WORK TASK
Return exactly the listing's lines, from its first line to the line holding "Modern kitchen featuring", ends included.

********************

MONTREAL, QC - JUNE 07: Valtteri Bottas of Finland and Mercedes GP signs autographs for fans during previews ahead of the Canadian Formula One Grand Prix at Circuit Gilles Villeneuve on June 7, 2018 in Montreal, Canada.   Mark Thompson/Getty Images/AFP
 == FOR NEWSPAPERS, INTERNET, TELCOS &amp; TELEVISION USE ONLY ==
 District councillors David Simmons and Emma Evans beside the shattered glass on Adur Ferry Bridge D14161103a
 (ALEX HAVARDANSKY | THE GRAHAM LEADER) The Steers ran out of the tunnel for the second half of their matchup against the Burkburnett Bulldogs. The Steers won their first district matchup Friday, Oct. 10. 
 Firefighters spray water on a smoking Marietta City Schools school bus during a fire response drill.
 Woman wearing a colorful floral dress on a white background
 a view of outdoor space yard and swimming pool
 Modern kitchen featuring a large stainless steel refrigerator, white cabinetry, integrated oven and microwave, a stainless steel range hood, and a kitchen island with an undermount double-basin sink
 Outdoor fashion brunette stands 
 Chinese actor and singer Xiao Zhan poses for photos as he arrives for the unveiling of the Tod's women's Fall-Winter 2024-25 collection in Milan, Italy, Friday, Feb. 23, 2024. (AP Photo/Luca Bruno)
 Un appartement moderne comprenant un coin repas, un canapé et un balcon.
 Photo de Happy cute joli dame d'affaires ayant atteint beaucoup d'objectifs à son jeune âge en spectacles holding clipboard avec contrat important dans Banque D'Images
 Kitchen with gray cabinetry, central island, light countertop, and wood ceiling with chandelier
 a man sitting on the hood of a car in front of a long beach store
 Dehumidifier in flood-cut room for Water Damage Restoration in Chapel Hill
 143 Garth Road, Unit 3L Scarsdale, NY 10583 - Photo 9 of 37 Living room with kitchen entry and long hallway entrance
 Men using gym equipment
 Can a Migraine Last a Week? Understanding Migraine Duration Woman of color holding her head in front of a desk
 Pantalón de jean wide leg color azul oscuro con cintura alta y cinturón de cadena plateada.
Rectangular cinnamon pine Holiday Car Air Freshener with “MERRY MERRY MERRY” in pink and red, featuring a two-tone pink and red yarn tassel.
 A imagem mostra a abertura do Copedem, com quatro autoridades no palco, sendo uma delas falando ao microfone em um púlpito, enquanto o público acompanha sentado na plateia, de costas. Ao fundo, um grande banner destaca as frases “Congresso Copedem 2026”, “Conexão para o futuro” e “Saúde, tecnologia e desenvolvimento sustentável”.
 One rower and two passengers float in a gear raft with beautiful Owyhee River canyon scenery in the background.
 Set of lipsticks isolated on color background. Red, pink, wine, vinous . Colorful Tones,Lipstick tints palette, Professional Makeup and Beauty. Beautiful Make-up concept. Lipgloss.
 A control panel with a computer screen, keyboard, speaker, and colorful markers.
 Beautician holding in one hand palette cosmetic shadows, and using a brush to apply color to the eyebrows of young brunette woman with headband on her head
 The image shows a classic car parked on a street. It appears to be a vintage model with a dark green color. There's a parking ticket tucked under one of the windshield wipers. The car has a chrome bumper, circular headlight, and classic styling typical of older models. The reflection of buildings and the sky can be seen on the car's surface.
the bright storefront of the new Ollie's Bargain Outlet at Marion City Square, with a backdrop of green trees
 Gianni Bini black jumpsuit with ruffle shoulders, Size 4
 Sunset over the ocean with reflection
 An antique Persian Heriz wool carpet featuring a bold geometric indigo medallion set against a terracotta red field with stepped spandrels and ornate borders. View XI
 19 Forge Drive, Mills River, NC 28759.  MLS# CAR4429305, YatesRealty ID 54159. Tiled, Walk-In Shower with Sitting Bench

********************

YOUR SOLUTION
MONTREAL, QC - JUNE 07: Valtteri Bottas of Finland and Mercedes GP signs autographs for fans during previews ahead of the Canadian Formula One Grand Prix at Circuit Gilles Villeneuve on June 7, 2018 in Montreal, Canada.   Mark Thompson/Getty Images/AFP
 == FOR NEWSPAPERS, INTERNET, TELCOS &amp; TELEVISION USE ONLY ==
 District councillors David Simmons and Emma Evans beside the shattered glass on Adur Ferry Bridge D14161103a
 (ALEX HAVARDANSKY | THE GRAHAM LEADER) The Steers ran out of the tunnel for the second half of their matchup against the Burkburnett Bulldogs. The Steers won their first district matchup Friday, Oct. 10. 
 Firefighters spray water on a smoking Marietta City Schools school bus during a fire response drill.
 Woman wearing a colorful floral dress on a white background
 a view of outdoor space yard and swimming pool
 Modern kitchen featuring a large stainless steel refrigerator, white cabinetry, integrated oven and microwave, a stainless steel range hood, and a kitchen island with an undermount double-basin sink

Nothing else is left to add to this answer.